TL;DR: After analyzing my old website, I decided to put more emphasis on (1) identifying and highlighting the pieces of information that are actually useful and (2) a two-dimensional approach to displaying my CV along traditional categories and skills/topics. Moreover, I set myself design constraints that forced me to keep my new website as clean and simple as possible, following the design philosophies of brutalism and Mies van der Rohe.
My new website has been up and running for a few weeks now and I suppose it might seem unusual to some of you. Therefore, in this post, I want to explain how I ended up with what I did. What motivated me to create a new website was the fact that OpenShift v2 was shut down by Red Hat and the new version of their hosting service was so unsatisfying that I decided to move to Github pages instead. This, however, also meant that I could not build on a Node server anymore, so I took the opportunity to start over with a blank slate and create something completely different.
As a first step, I analyzed my old website, and I noticed two things. First, it was more or less structured exactly like my CV, which is, to be honest, not the most creative way to lay out an online presence. Second, my publications were listed in a format that I would also use in the reference section of an actual research paper. However, that format was only really understandable and readable for scientists, which—as I could safely assume—excluded a certain amount of my visitors. After all, the only necessary pieces of information are the title (plus a link for those who want to have a closer look), the list of authors, and which topics the paper is actually about.

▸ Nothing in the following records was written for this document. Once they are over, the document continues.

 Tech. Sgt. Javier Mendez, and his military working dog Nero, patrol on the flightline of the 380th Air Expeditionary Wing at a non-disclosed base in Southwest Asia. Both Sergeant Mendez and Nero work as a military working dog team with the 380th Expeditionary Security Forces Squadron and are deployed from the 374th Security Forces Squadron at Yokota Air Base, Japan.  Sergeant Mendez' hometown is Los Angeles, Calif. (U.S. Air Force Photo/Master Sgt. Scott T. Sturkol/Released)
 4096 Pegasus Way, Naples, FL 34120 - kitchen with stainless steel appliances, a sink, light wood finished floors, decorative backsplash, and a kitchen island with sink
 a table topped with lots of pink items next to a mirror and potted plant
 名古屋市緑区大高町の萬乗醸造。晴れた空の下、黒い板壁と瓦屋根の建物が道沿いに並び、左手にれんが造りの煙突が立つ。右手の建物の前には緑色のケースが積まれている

From a title like “Ensuring Web Interface Quality through Usability-based Split Testing” one may conclude that I’ve done work on usability, but how would you know that this publication also addresses analytics and machine learning without reading it? The acronym of the conference where it was published or the CORE rating of that conference certainly don’t help the average user.
Therefore, the two central questions that informed the design of my new website were:
- How can I present my work and skills in a better, more useful, and more memorable way than the standard paper CV structure—projects, work, education, etc.?
- How can I more effectively communicate to people the topics I actually worked on and which skills I acquired rather than just telling them that I was an “Intern R&D at Unister”?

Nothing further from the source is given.